There was another shot. I covered Marcus with my body. He whined. I heard someone grunt in pain, and I could smell blood and gunpowder on the air.

“All clear,” Smith hollered.

I lifted my weight off Marcus. He was pale, jittery. I put Steven’s gun on the ground, well out of reach.

“Boss?” Smith again.

“I’m here. All clear.” I pulled my knife from its holster and cut the zip tie around Marcus’s wrists. “Marcus, talk to me.”

I tried to lift him, and he screamed. “Arm. My arm is broken, I think. It hurts.” He jerked. “Ell! They gave him something. They have Dom. Oh, please go find Dom. I don’t know what they did with him.”

Dom was here? They had Dom? My mouth went dry.

“Marcus, I’m going to lift you.”

He shook his head, and the way he moved looked as if he was trying to shake me off. He was too weak and in too much pain though. “No. Dom. Find Dom. I won’t move. Find Dom and Ell, please.”
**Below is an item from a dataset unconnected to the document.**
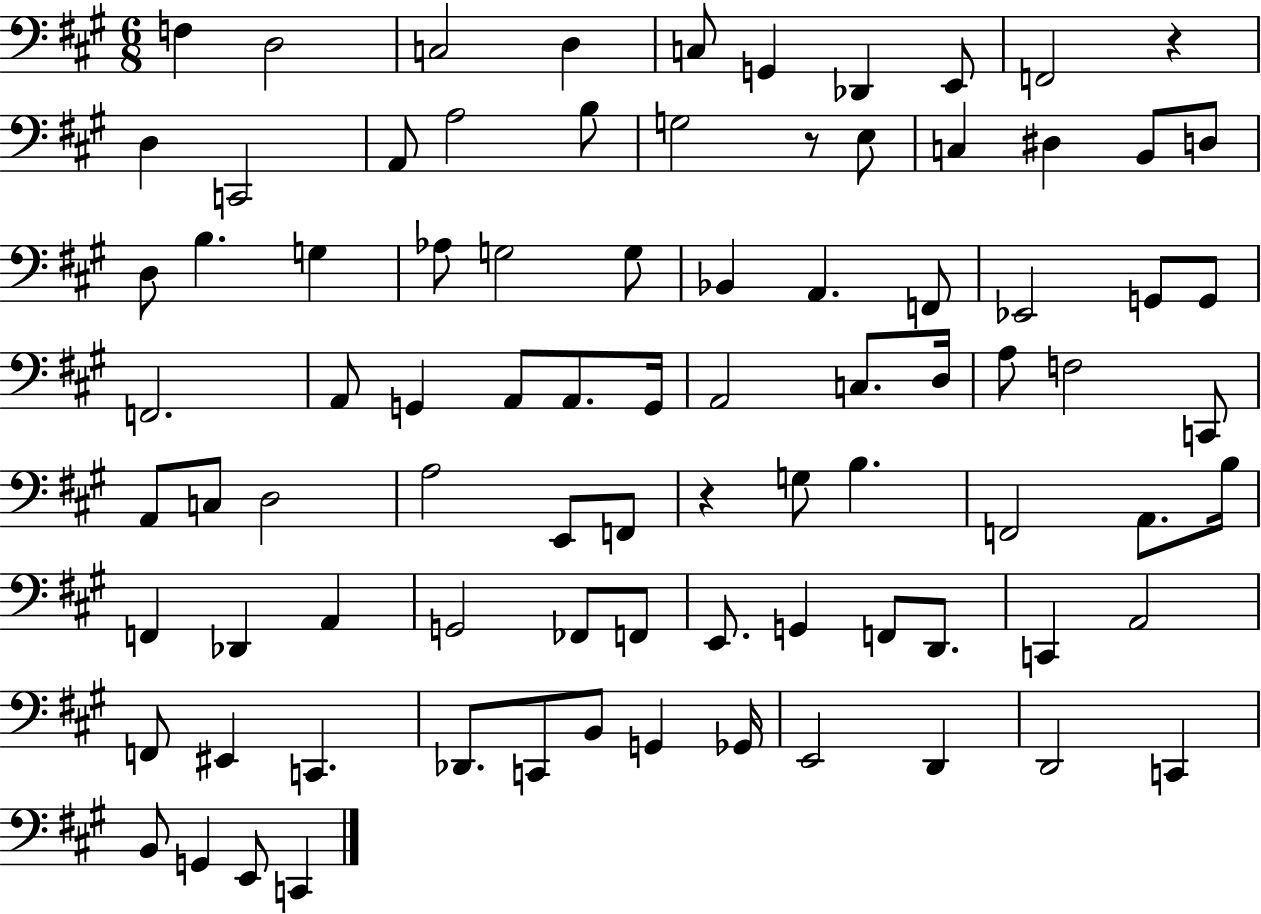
F3/q D3/h C3/h D3/q C3/e G2/q Db2/q E2/e F2/h R/q D3/q C2/h A2/e A3/h B3/e G3/h R/e E3/e C3/q D#3/q B2/e D3/e D3/e B3/q. G3/q Ab3/e G3/h G3/e Bb2/q A2/q. F2/e Eb2/h G2/e G2/e F2/h. A2/e G2/q A2/e A2/e. G2/s A2/h C3/e. D3/s A3/e F3/h C2/e A2/e C3/e D3/h A3/h E2/e F2/e R/q G3/e B3/q. F2/h A2/e. B3/s F2/q Db2/q A2/q G2/h FES2/e F2/e E2/e. G2/q F2/e D2/e. C2/q A2/h F2/e EIS2/q C2/q. Db2/e. C2/e B2/e G2/q Gb2/s E2/h D2/q D2/h C2/q B2/e G2/q E2/e C2/q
On the other side of the third car, Smith gasped. “What the hell?”

Marucs’s bottom lip trembled. “I think they hurt him too. They have a tracker in the collar, he said.”

I reached out, meaning to touch Marcus, but I was filthy with Steven’s blood. Steven, whose chest still rose and fell with shallow breaths. I pulled my hand back and wiped it on my pants.

“Marcus, let me—”

“Go find Ell and Dom.”

He was not okay, but his moonstone eyes had turned steely. This was a command from my mate, from my omega.
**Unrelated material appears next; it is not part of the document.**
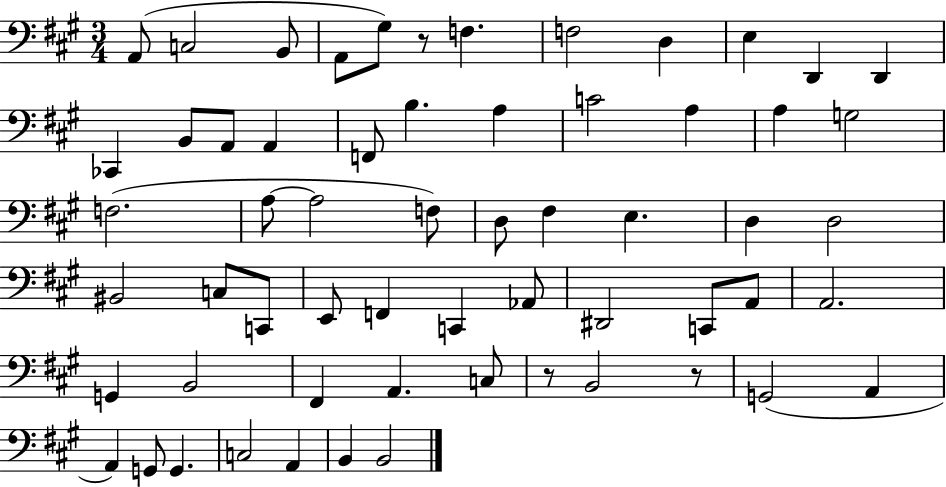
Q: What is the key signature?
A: A major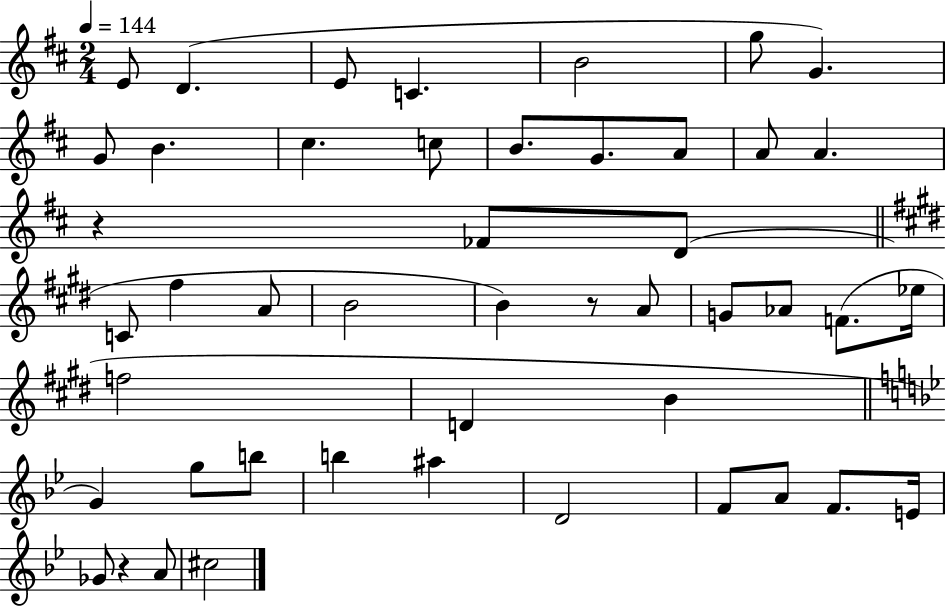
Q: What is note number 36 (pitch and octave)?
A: A#5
“All right. You stay put.” I stood and was about to walk away, but then I pulled my jacket off. It did little more than hide my holster, but I put it over Marcus anyway. “I’ll be right back.”
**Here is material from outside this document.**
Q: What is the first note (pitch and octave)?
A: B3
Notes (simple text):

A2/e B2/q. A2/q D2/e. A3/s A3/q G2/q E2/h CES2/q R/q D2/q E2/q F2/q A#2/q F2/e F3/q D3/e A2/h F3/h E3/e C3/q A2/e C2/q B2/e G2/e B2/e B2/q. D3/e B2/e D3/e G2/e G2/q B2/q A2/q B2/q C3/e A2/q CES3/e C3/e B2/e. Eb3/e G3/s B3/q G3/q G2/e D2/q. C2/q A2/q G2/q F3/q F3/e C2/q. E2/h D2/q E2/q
We were on the passenger side, close to where the highway faded into vegetation. It was quieter here. The commotion was on the other side of the convoy.

I looked left. Smith had his own sidearm holstered and was helping an unfamiliar werewolf out of the car Marcus had been in.

I could scent Smith’s blood, but he seemed largely okay.

His face was the picture of calm. He wasn’t feeling like that though.

He only put on that expression when he got really angry.

“Smith, Dom and Ell?”

He looked up. “I haven’t seen them. No time.”

I stopped and turned to look at the second car. He’d cuffed the driver to the door, but the man was out after taking Smith’s punches. I went to the trunk and opened it.

“Oh, fucking—Dom?”

He was on a tarp, duct taped and unconscious, and they’d cut him.

It was a lot of small wounds that had scabbed over, except for where they had chafed against the inside of the car.

He was sticky with his own blood, and the familiar yet wrong scent washed over me, relief and terror blending together.

I only noticed that Marcus had followed me after all when he sagged against the SUV.

“Is he okay?”

I climbed into the car and felt for a pulse. I found the steady beat that was so dear to me, a caress against my fingers, and saw the rise and fall of his chest, slow but there.

I looked at Marcus. “He’s breathing.”

He had my jacket over his right arm and was cradling his left one. “I’ll go and find—”

He turned white as a sheet and passed out, just like that. I wasn’t there to catch him, only reaching him when he was already on the ground.

This time, I scooped him up and decided I wouldn’t let him go again. I had to find Ell though. Marcus had commanded me to do that for him.

The sheriff came around the car and looked us over, looked at Dom’s unmoving form in the back.

“I already called the EMTs. Big black-haired guy’s one of yours, right? Vi’s baby nephew?”

I looked up. “Is he okay?”

“Don’t think anyone here is okay, but the kid’s breathing.” She looked past me to where Steven lay. “Well, if this isn’t all a really big mess.”

She walked past me to get a closer look at Steven, but I didn’t care.

“Marcus, I’m here. It’s going to be okay. Ell’s here. You’re okay now.”

That was a lie. He wasn’t okay. He’d been hurt. I should’ve taken better care of him, of everyone.

The failure was mine, and mine alone.